WORK TASK: When you reach the line with "Produktbild: Ein herzliches" in the data below, begin printing lines exactly, and stop once the line with "Trippy Spiralstern Wandteppich" has been printed.
+===+
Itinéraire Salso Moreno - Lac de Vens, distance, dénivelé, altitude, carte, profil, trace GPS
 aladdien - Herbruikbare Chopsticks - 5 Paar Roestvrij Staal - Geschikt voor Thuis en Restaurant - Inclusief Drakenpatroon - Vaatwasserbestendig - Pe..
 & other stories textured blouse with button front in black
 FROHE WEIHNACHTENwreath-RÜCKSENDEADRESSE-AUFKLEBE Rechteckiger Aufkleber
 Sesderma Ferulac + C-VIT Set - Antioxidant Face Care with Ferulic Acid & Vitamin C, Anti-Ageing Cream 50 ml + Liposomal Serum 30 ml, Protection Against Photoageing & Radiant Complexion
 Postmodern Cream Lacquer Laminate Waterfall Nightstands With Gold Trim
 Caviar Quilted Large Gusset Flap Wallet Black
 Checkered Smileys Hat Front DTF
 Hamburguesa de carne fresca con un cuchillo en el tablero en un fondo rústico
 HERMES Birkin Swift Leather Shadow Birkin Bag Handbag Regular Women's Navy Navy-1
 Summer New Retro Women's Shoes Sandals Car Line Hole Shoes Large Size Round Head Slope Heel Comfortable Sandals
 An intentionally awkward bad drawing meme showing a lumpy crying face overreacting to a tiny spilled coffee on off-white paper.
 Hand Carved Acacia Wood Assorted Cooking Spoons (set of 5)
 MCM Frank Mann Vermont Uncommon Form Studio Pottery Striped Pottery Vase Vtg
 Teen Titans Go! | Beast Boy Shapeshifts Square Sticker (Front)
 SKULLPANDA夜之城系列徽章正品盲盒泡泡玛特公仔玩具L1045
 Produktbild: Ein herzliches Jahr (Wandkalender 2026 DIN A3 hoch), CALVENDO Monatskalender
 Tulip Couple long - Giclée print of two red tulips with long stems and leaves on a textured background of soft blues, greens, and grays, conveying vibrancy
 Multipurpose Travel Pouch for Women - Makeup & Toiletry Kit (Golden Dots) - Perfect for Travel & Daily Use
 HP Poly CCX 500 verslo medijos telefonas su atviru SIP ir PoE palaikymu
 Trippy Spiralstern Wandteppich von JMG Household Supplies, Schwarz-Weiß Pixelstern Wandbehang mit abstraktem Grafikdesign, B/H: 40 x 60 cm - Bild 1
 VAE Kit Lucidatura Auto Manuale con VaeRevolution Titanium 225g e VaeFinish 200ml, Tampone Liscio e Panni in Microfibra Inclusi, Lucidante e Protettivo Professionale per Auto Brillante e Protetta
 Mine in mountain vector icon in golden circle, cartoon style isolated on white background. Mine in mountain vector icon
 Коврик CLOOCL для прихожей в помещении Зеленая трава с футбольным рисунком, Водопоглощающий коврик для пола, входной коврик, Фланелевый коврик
+===+
THE ANSWER:
 Produktbild: Ein herzliches Jahr (Wandkalender 2026 DIN A3 hoch), CALVENDO Monatskalender
 Tulip Couple long - Giclée print of two red tulips with long stems and leaves on a textured background of soft blues, greens, and grays, conveying vibrancy
 Multipurpose Travel Pouch for Women - Makeup & Toiletry Kit (Golden Dots) - Perfect for Travel & Daily Use
 HP Poly CCX 500 verslo medijos telefonas su atviru SIP ir PoE palaikymu
 Trippy Spiralstern Wandteppich von JMG Household Supplies, Schwarz-Weiß Pixelstern Wandbehang mit abstraktem Grafikdesign, B/H: 40 x 60 cm - Bild 1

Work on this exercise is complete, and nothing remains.